Choirfish Tune Identification

(Last updated: 2003-12-16)

Project Members

Goals

To develop a program capable of indexing monophonic source sounds and recognising them when they are reproduced by a human (whistling). By monophonic we mean that only one note is played simultaneously, not that the tone contains only one frequency.

If at all possible, we would like to investigate the possibility of indexing music files (MP3) with polyphonic information.

Abstract

The ChoirFish application will record whistled input, perform fourier analysis to get pitch information, use that to generate a Parsons Code (see references), and search against a database to determine the most likely song. ChoirFish is a Windows GUI application implemented using MFC7.1. It's basic functionality mimics the TuneServer desribed in the article under references, although the implementation is all our own.

Introduction

One of the main problems you have to deal with is inaccuracy of the input data. People don't whistle a song exactly as it is. They can be out of key, out of tune, use the wrong rhythm, shift keys during whistling, etc. etc.

This means a method has to be found to reliably deal with these problems, while at the same time sufficiently narrowing down the possible result space.

Existing work that has been done in this area includes the so-called "Parsons codes", a system that looks only at transitions between notes, disregarding rhythm and melody altogether.

Design

Initially, we plan to implement a system using Parsons Codes and evaluate it's performance. When we have a working system, we will see if we can improve on it's design.

Designing the Data Layer

NOTE: Actually just getting it working proved much more work than anticipated. The article is very vague on some parts of the design and even more so the implementation, so we had to negotiate some troubles ourselves. Therefore we have not been able to make any real improvements to the approach. We will explore some possible avenues for improvements in our final report however.

Implementation

We will implement our solution in C++. We will use Microsoft Visual Studio .Net 2003 as our main development platform.

Experimentation

So far we have experimented with several whistling styles; differing in speed, clarity, etc. One of the first conclusions we have drawn is that the more discrete you whistle, the better the recognition; tremolos or pitch slides can aversely affect the performance, as it is very difficult to determine how many Us or Ds this would need to represent in our database, so we cannot really account for it. This is of course no real surprise.

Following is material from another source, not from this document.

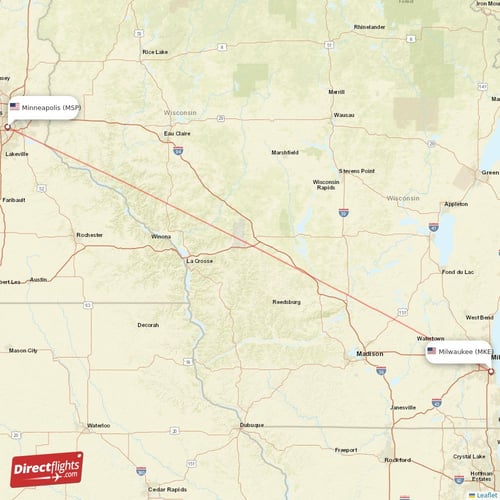 Minneapolis - Milwaukee direct flight map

We found the 1.03 frequency ratio for seperating notes by pitch to be a bit on the low side, it was very difficult to get an R in the Parsons Codes, especially in the lower frequencies. 1.05 seems to work a little better. One of the problems is that it's very difficult to stay at the same pitch when whistling a single note. We might be able to solve this by requiring an abrupt change: when the pitch of the note changes (but stays under the 1.03 ratio) we currently keep the first observed pitch to compare other changes with. If we however start using this new pitch, we could possibly prevent gradual decreasing or increasing frequencies from being seen as a new note.

Speed is not really an issue, because unless you go rediculously fast you aren't likely to drop under the 2 frame (~69ms in our application) minimum note length. You will usually get at least one frame silence between notes, unless you aren't really being silent yourself. There are a few factors that might argue against going slow even. For instance the above mentioned pitch change in long notes, and we have also observed that the attack of a whistled note is so strong compared to the sustained volume that if you try to sustain it long you are very likely to drop below 5% of the maximum recorded volume, which causes erronous Rs in the Parsons Codes.

Software Requirements

  • A C/C++ compiler targetting the Win32 platform, preferably Microsoft Visual C++ .Net 2003.
    NOTE: To compile the actual ChoirFish application itself you will need VC.NET 2003, because it uses MFC7.1. You could probably compile all the libraries and also our console test application ParsonTest with other compilers, but we don't guarantee anything!
  • Microsoft Windows NT4 with SP6a, Windows 2000, Windows XP or Windows Server 2003.
    Windows 95, 98(SE) and ME are not supported!
  • Microsoft XML Core Services 4.0
  • The Fastest Fourier Transform in the West

Hardware Requirements

  • A microphone

Workplan

  1. 24-09-03: Project Group and Preliminary Proposal
  2. 08-10-03: Project Proposal
  3. 05-11-03: Preliminary Project Presentation and Discussion
  4. 03-12-03: Final Presentations and Demos of the Project

Deliverables

Technical paper: [pdf]
Errata: The document is titled The Singing ChoirFish, which should've been The Whistling ChoirFish.

Final source code: [zip]
Contains the fftw3.dll and fftw3.lib files, as well as merge modules used for integrating MSXML4 with the Deployment Project.

ChoirFish v1.0 installation: [msi]
Contains everything you need to install and run ChoirFish. You'll need Windows Installer 2.0: Download Windows Installer 2.0 Redistributable for Windows NT4.0 and 2000

Songs recognised by ChoirFish

References

  • An Interface for Melody Input [ps] [pdf]
    This article discusses a tune recognition system using Parsons Code.